Loin de nous l’idée de défendre Jeff Bezos, mais il serait tout de même temps pour l’époque de renouveler ses recettes satiriques, à commencer par l’énorme tarte à la crème que constituent désormais les parodies d’Amazon qui défilent sans arrêt sur nos écrans. Un exercice totalement balisé que le film ânonne paresseusement, égrenant les platitudes habituelles, comme par exemple la novlangue anglicisée des start-uppeurs (“on débriefe ASAP ?” – pitié !).
Débandade
Le résultat ressemble au mieux à un dessin de Plantu, et au pire à un de ces navets d’entraide populaire dont le cinéma français a le secret, réécritures daubesques de David contre Goliath en version entrepreneuriat solidaire et folklore prolo bon teint – on s’est rappelé soudain de La Boîte de Claude Zidi (2001), légende du nanar à laquelle le film d’Olivier Baroux ressemble parfois.

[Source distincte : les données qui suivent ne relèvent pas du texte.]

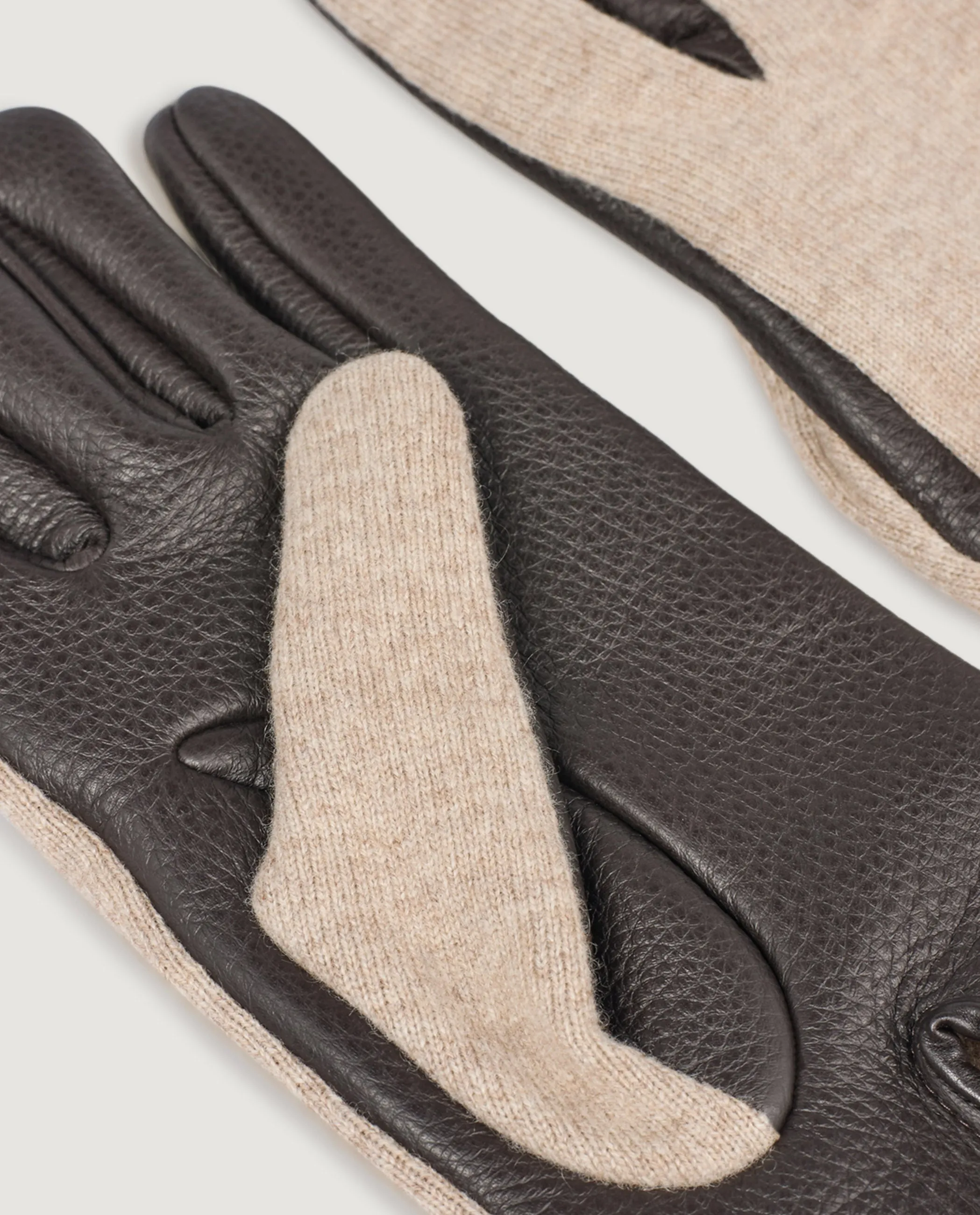 Leer Cashmere Handschoenen - Lichtbruin sold by Pauw Amsterdam product image thumbnail 2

La franchise a pu bénéficier ces dernières années – et y compris aux Inrocks – d’une clémence inattendue de la part d’une presse spécialisée dont on s’attendait à ce qu’elle la voue aux gémonies et qui s’en est d’ailleurs bien amusée. On voit mal la scène se reproduire sur cet épisode, qui ne nous a pas tiré l’esquisse d’un sourire et fait tout de même l’effet d’un commencement de débandade, entre repli sur des formules bassement lucratives (l’attirail du film de Noël est un plaquage totalement artificiel qui conduit à un final aberrant) et perte de connexion directe avec son époque : tourné entre février et juin 2020, au début d’une pandémie qu’il aurait été opportun d’intégrer au scénario (tout au plus, on la voit apparaître sur un journal lu par Michel Blanc : hasard d’accessoiriste ou véritable clin d’œil ?), le film donne le sentiment d’un déni de réalité, ou de se dérouler sur une planète parallèle.